Has meditation helped you?

Meditation is not a single practice. It's a host of mental exercises. Currently en vogue, mindfulness meditation, or vipassana, aims to improve your understanding of yourself by letting your mind settle and simply observing the present moment in its full extent. This is significantly harder than it sounds, but it has a profound effect on everything else in your life. It presents a mental pattern, acquired through deliberate practice, that applies easily to any situation you can face. Think of meditation like the gym for your mind. You lift weights, your muscles get stronger. You meditate, your mind gets stronger.

When I meditate, I find myself having better focus, more patience, and better mood. I even sleep better. My mind feels like a calm lake, with a clear and smooth surface. When I do not meditate, it feels like a sea in storm. I have a much shorter fuse, I ruminate a lot, and have a very hard time concentrating on anything.

Many consider Mindfulness in Plain English, by Bhante Henepola Gunaratana, to be the best book ever written on the subject for beginners.
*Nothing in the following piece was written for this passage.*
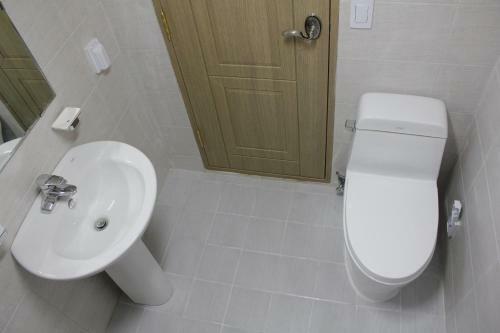 Hostal Jiwoljang Guesthouse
It does away with the nonsense and explains in very practical terms how to meditate and why.

As a sidenote, concepts such as "chakra" come from an age where people did not have the science and logic we have today, but wanted to explain things they felt and saw in their body, in particular during practices such as meditation and yoga. They make a whole lot more sense if you view things like "chakra-alignment" through that lens. Thinking in terms of chakra is a self-manipulation technique aimed at manipulating your subconscious through specific mental imagery. Of course, some people will like and identify with the pseudo-mystic nature of it, and it that helps them, then that's okay.